REQUIRED WORK —
Take the lines from the head of the listing through the one bearing "Muğla’da yörüklerin develi eşekli göçü" and copy them exactly, leaving every picture out.

SOURCE MATERIAL: Begin

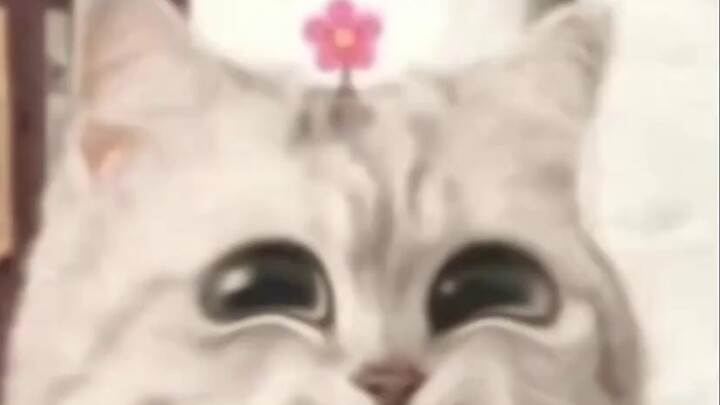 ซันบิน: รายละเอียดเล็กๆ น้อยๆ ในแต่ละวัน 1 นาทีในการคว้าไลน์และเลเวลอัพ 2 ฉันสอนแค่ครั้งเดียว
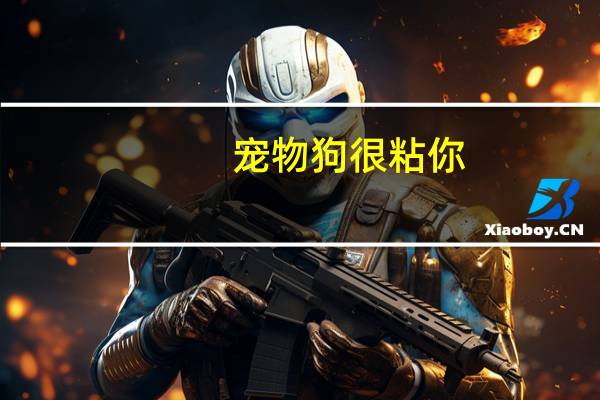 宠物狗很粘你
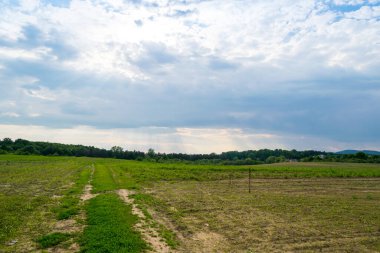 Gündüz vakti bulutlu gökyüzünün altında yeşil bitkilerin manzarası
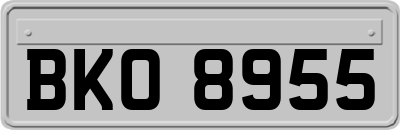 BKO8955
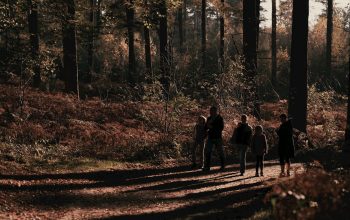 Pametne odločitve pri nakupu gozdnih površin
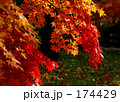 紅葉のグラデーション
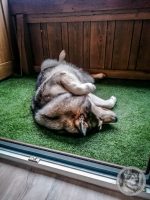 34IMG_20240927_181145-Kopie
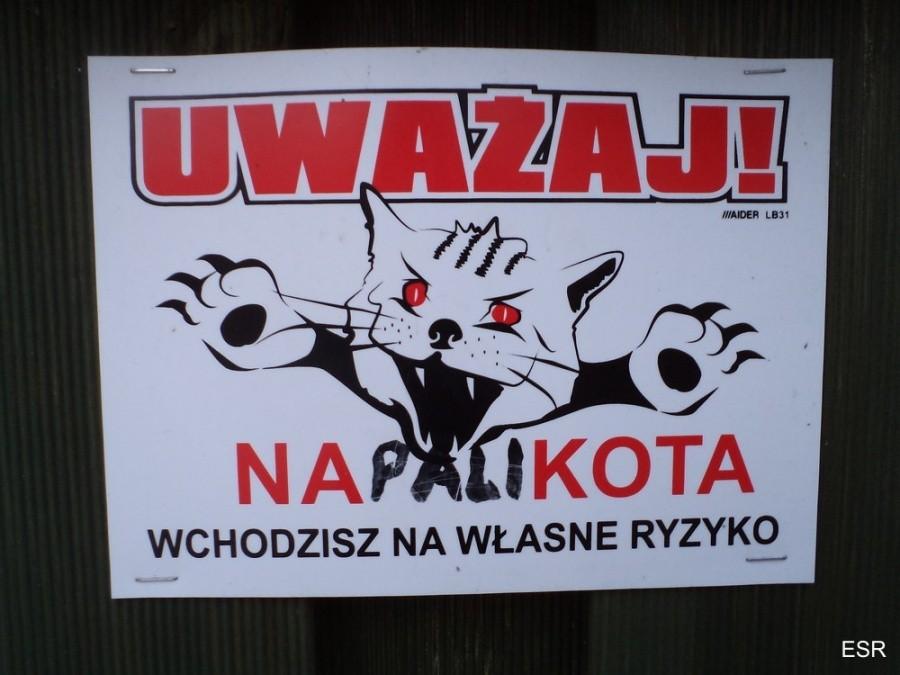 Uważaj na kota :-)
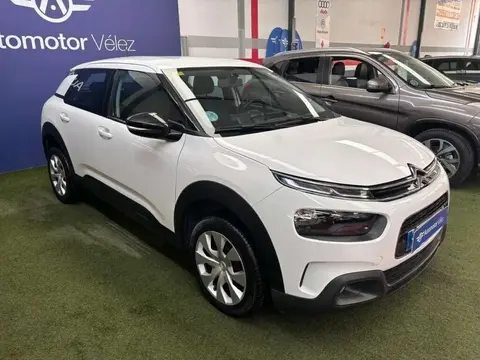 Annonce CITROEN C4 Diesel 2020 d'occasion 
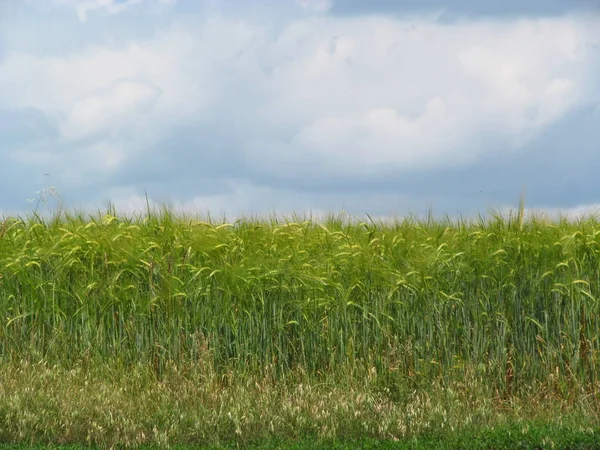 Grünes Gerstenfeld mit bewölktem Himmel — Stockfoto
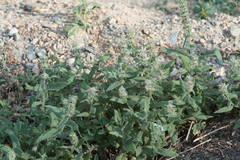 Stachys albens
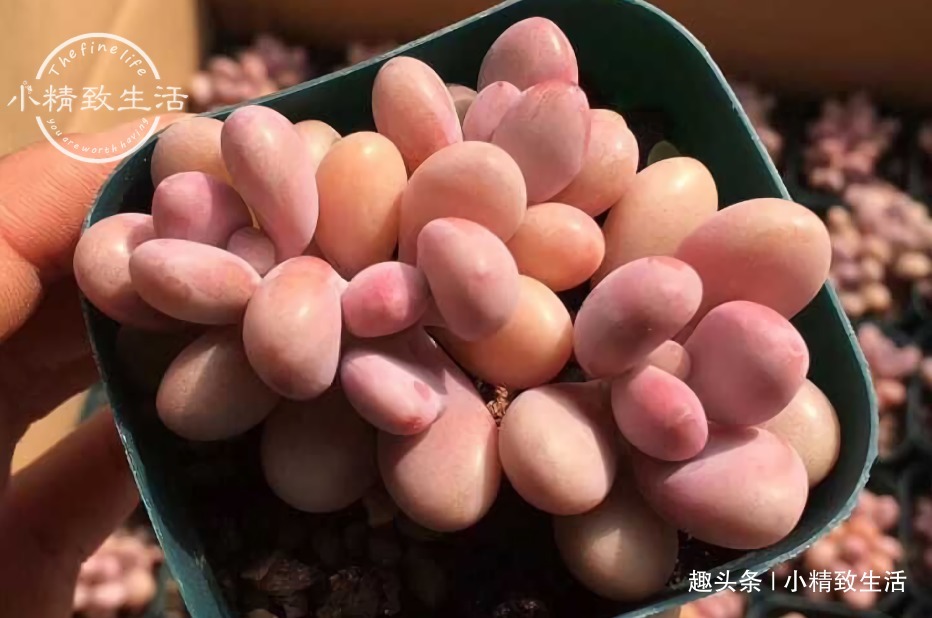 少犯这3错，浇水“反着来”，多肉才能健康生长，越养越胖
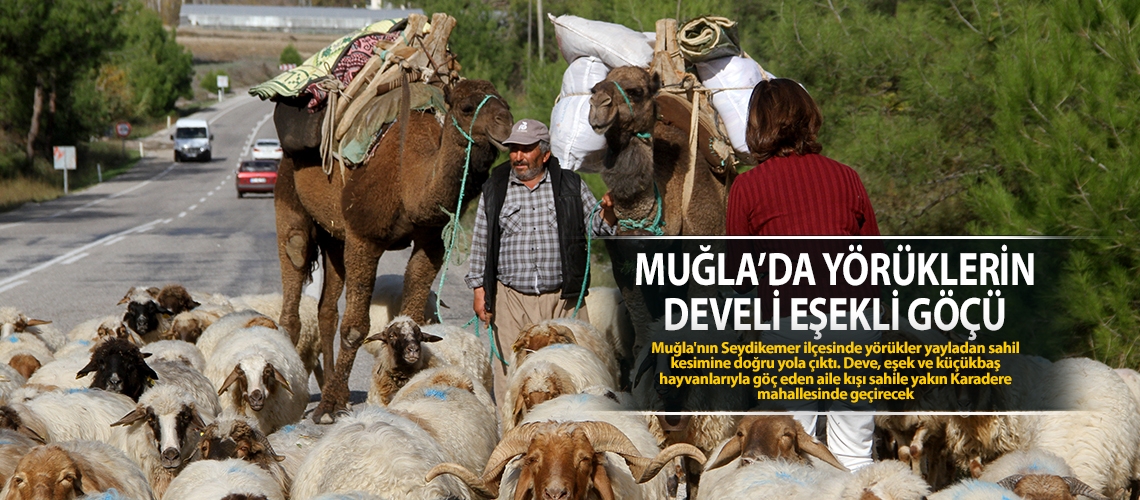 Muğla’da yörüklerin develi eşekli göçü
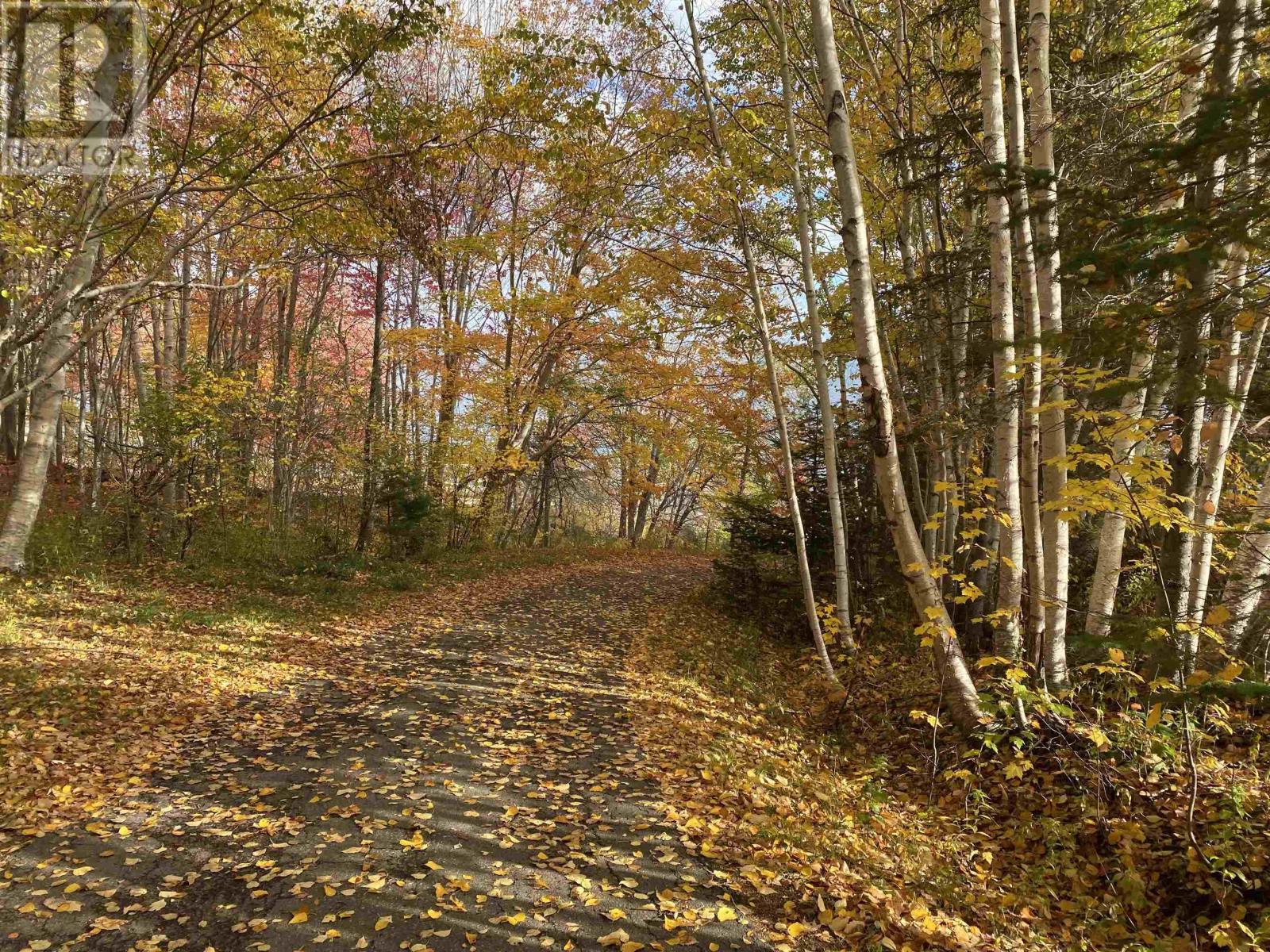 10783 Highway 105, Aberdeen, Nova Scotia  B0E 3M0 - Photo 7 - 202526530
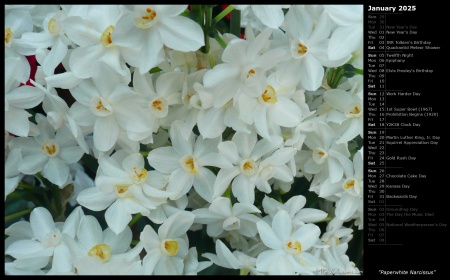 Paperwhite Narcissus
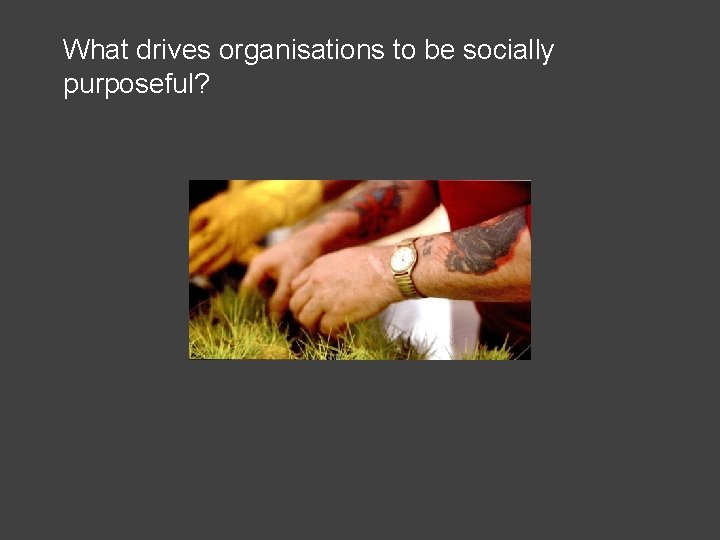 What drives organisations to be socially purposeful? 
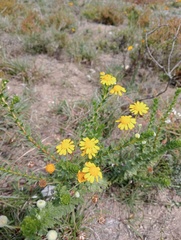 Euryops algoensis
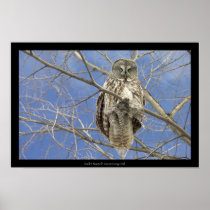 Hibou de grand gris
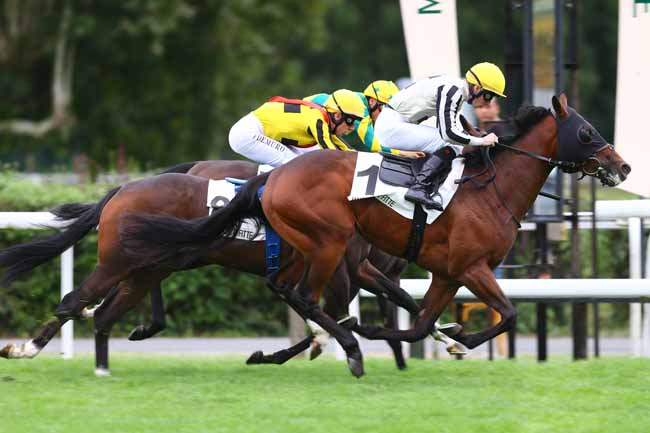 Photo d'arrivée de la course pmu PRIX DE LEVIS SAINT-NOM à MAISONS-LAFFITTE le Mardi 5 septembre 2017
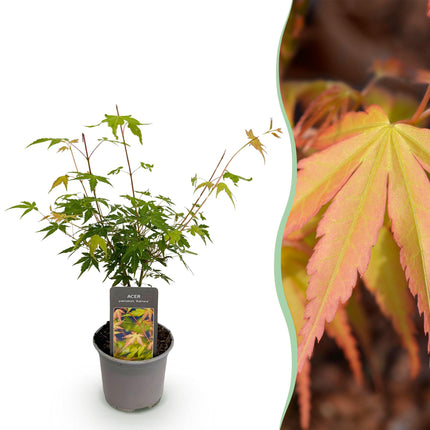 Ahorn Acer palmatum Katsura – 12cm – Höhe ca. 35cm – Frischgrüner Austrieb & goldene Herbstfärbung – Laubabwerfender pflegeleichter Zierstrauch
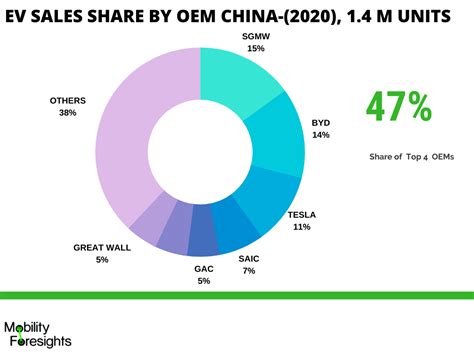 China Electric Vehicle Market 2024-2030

SOURCE MATERIAL: End

EXPECTED ANSWER —
 ซันบิน: รายละเอียดเล็กๆ น้อยๆ ในแต่ละวัน 1 นาทีในการคว้าไลน์และเลเวลอัพ 2 ฉันสอนแค่ครั้งเดียว
 宠物狗很粘你
 Gündüz vakti bulutlu gökyüzünün altında yeşil bitkilerin manzarası
 BKO8955
 Pametne odločitve pri nakupu gozdnih površin
 紅葉のグラデーション
 34IMG_20240927_181145-Kopie
 Uważaj na kota :-)
 Annonce CITROEN C4 Diesel 2020 d'occasion 
 Grünes Gerstenfeld mit bewölktem Himmel — Stockfoto
 Stachys albens
 少犯这3错，浇水“反着来”，多肉才能健康生长，越养越胖
 Muğla’da yörüklerin develi eşekli göçü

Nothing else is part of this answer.